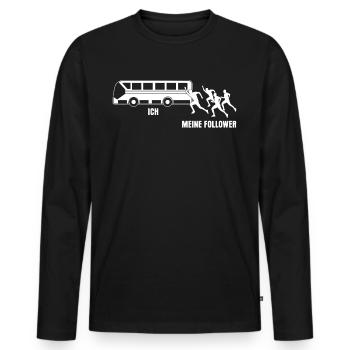 Busfahrer Spruch - Männer Premium Bio Langarmshirt - Schwarz - Vorne - Nico (187cm)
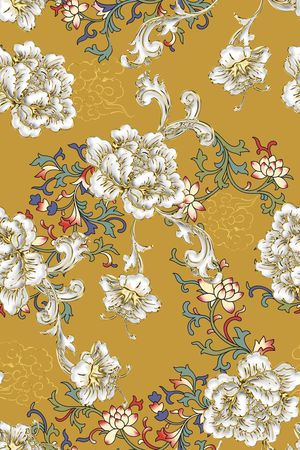 连衣裙印花华亿平台图片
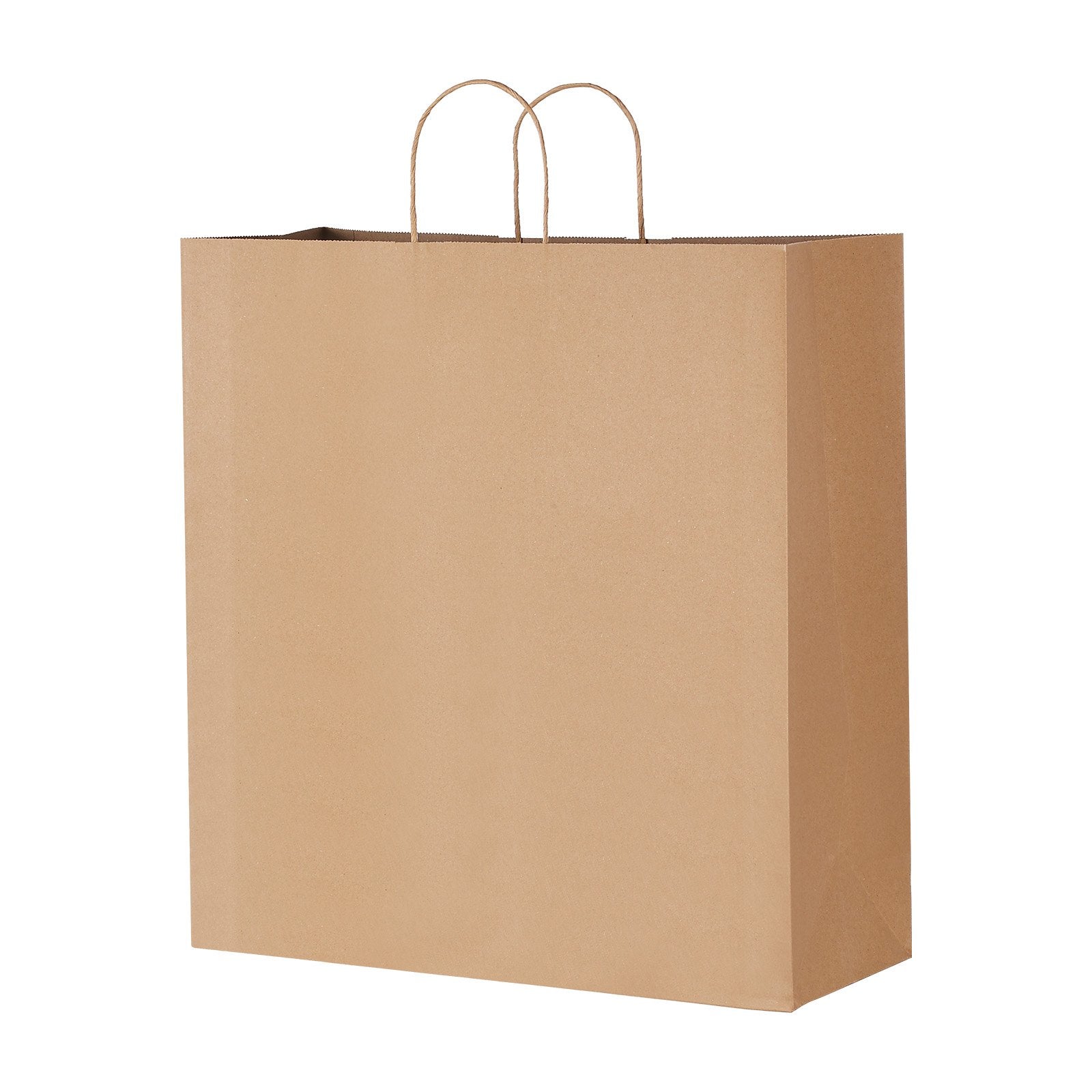 Eco-Friendly Kraft Paper Bags with Handles - 100 Large Reusable Grocery Sacks, Sturdy Recycled Brown Party Bags for Events, DIY, Business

_Directions for this task_
Return the full listing exactly as written, without any of its images.

_Solution below_
 Busfahrer Spruch - Männer Premium Bio Langarmshirt - Schwarz - Vorne - Nico (187cm)
 连衣裙印花华亿平台图片
 Eco-Friendly Kraft Paper Bags with Handles - 100 Large Reusable Grocery Sacks, Sturdy Recycled Brown Party Bags for Events, DIY, Business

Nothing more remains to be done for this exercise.